For wide strings, each character in the array is of type
wchar_t. Unlike ordinary string literals, the type
wint_t is not related to integer promotion at all, and is just a type that can hold any
wchar_t value, plus the
WEOF value (indicating end-of-stream for wide character streams).
C11 added support for specifying Unicode code points in both ordinary and wide character constants and string literals, using
\uHHHH or
\UHHHHHHHH, where
HHHH and
HHHHHHHH are the code point in hexadecimal.
The exact character set used for ordinary and wide character constants and string literals is a bit of a complex issue.
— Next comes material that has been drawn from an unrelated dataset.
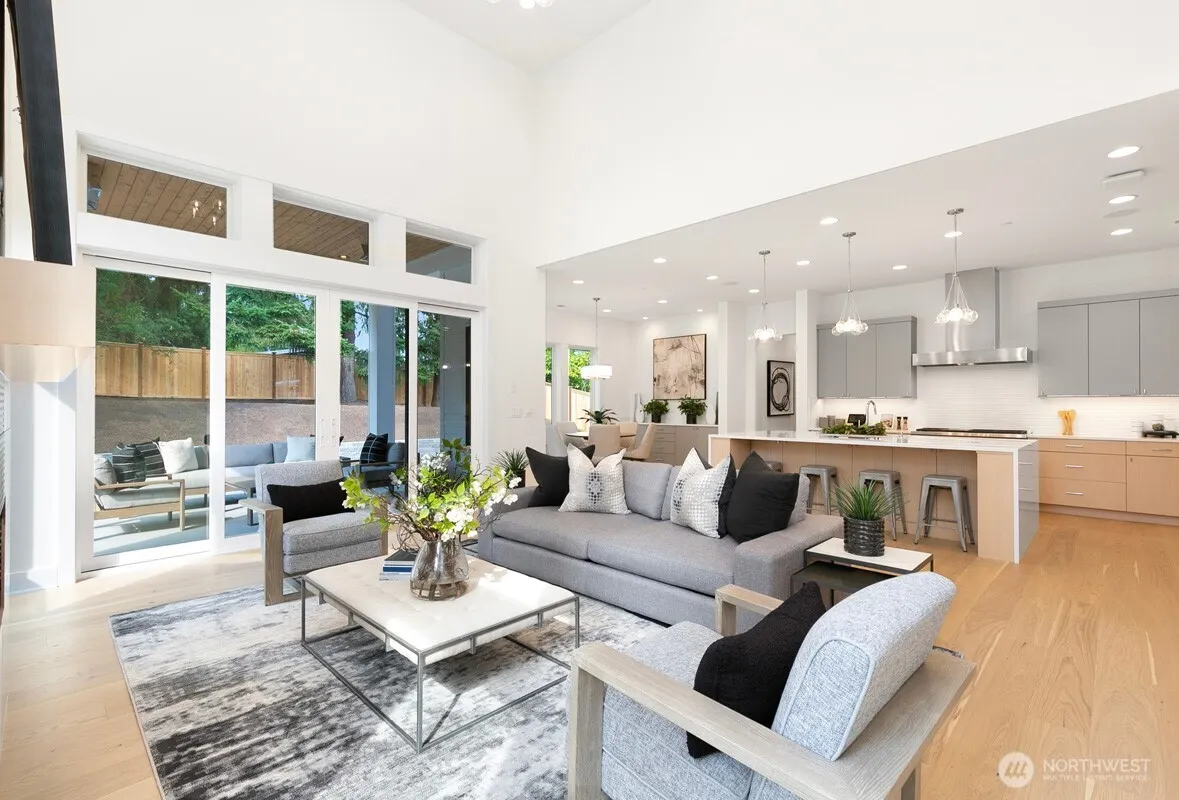 14418 SE 40th Street , Bellevue, WA 98006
In practice nowadays, the ordinary character set is ASCII compatible, either UTF-8 or one of the 8-bit ASCII-compatible character sets. The character set used for wide characters is even messier, partly because the Microsoft C library used in Windows uses UTF-16, where some glyphs can require more than one wide character; I'm not exactly clear which Windows versions and libraries actually support that, and which are limited to the first 65536 characters of the Unicode set.
For POSIXy systems -- that means Linux, *BSDs, Mac OS, Android, and some other esoteric systems -- the C library provides
iconv conversion facilities. It can basically convert, at run time, between various character sets (using ordinary strings), and to/from wide character strings, using a very simple but efficient conversion interface.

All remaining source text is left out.